Chris: And Graeme ended up marrying him.

COVID impacted the creative industry in a big way. What kept you both motivated?

Chris: Mostly this project: it gave me something to focus on at a time when I’d just moved back to Finland after a few years in Kosovo and The Netherlands, and had very little else going on. It was a creative outlet that helped me retain at least a little sanity!

Graeme: Yes, what Chris said. Maintaining some kind playing and creative processes throughout a time where you couldn’t play live. 

2020 was a time to reflect. What did you learn about yourselves?

Chris: Like everyone else, I suppose, I learned that human connections to friends and family, and just to other people in general, are more important to my sense of wellbeing than I had previously thought. On the musical side, I remembered that I really enjoy writing and making tracks, after a period when I’d mostly been playing live, fairly straight-ahead jazz.

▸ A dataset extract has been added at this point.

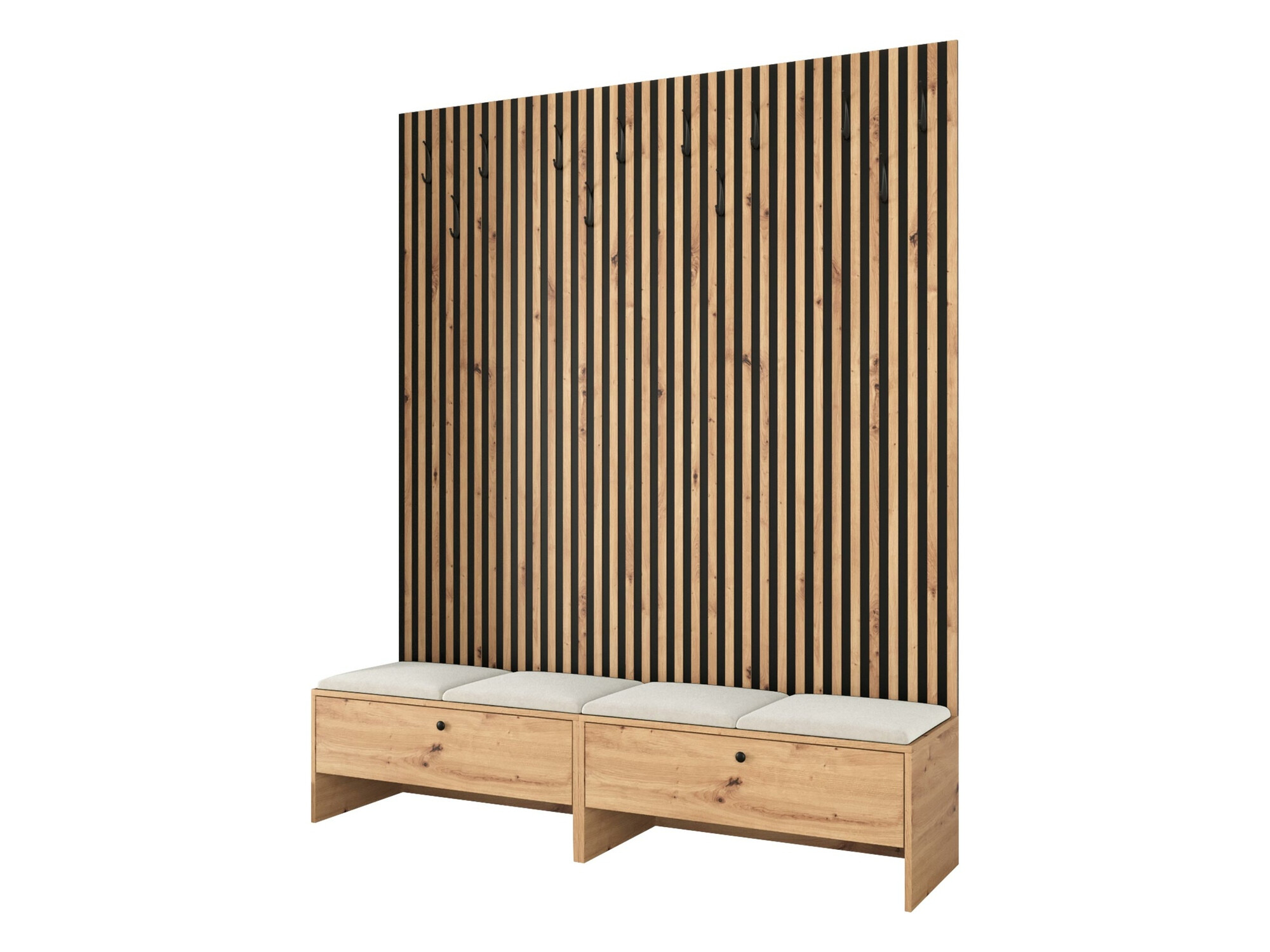 Entrésæt Donio V (Artisan eg + Manila 02)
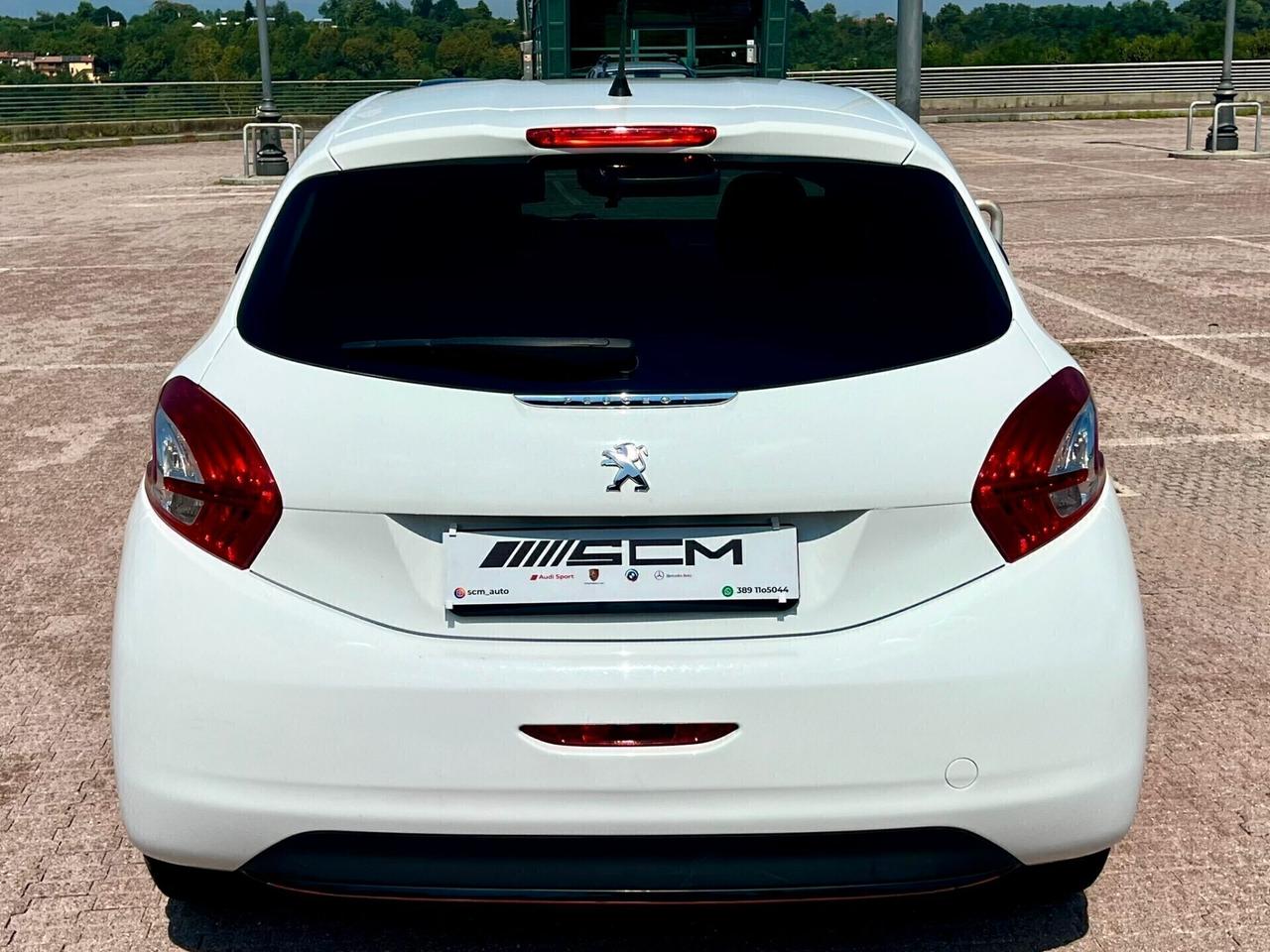 Peugeot 208 1.2 VTi 82 CV 3 NEOPATENTATI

Graeme: Yes, easy to get caught up in the trap of working and earning money, without making time for family, friends or anything creative. 

Did you pick up any new skills during that time?

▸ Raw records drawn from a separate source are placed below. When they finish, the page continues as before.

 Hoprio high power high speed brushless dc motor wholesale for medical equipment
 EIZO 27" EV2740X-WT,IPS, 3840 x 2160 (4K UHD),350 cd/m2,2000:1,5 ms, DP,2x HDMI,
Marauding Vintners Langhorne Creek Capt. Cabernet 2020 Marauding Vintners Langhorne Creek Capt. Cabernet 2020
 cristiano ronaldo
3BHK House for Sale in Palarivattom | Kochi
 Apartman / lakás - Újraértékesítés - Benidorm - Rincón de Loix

Chris: I got a bit more comfortable with shameless self-promotion! As a musician, my first instinct is to half-apologetically edge the music out into the world and then retreat back to the comfort-zone of making some more, but that really doesn’t work for a new project created during the pandemic with no live band and no existing fans: you have to hammer the message home far more than feels polite!

Graeme: I got my home-recording set up more sorted, and that helped me make a living with online/remote recording sessions for various adverts, TV themes and pop records. That is continuing now, and in some ways it was good to be forced to develop this side of things.

Graeme, being a trumpet player, what’s your go to trumpet?

I have been playing a Yamaha. I’m trying out a Carolbrass at the moment. My favourite brand is Bach. 

Who are your favourite horn players?

Kenny Garrett, Nicholas Payton, Elliot Mason

Chris, being a guitarist what’s in your live set up?

I have an Epiphone Joe Pass for more straight-ahead jazz stuff and a Duesenberg Caribou for everything else. Amp-wise, I have a DV Mark Little Jazz, a Fender Blues Junior, and a Fender Stage 1500, and a few pedals, but I’m not a pedal-board kind of player generally.

Who are your top 3 guitarists?

It varies all the time, but right now probably Julian Lage, Jim Campilongo and John Scofield. (I only like guitarists beginning with ‘J’.)

What are you listening to at the moment?

Chris: Because we’re in promo-phase for the EP, I’m mostly listening to the music on the radio shows we’re on! Sounds a bit vain I know, but I feel I owe it to whoever is kind enough to include us in their programmes to check them all out. It means I get to hear most of the new releases in our musical niche. A couple that have stood out are the new Emma-Jean Thackray album, and the ‘After Dark’ album by Amanda Whiting, featuring our friend and Archie-collaborator Aidan Thorne on bass. Also the early releases from Scrimshire’s upcoming album are really good.

Graeme: Venues are opening up here, and consequently I’m ‘back to work’! I’m listening and learning the music for whoever I’m working with. 

What’s next for you?

Chris: We’re planning to make another EP, hopefully with the same personnel, so that we have enough tunes to start doing some live gigs, ideally in all of our respective countries! And then we’ll do one final gig in Madison Square Gardens, if the money’s right.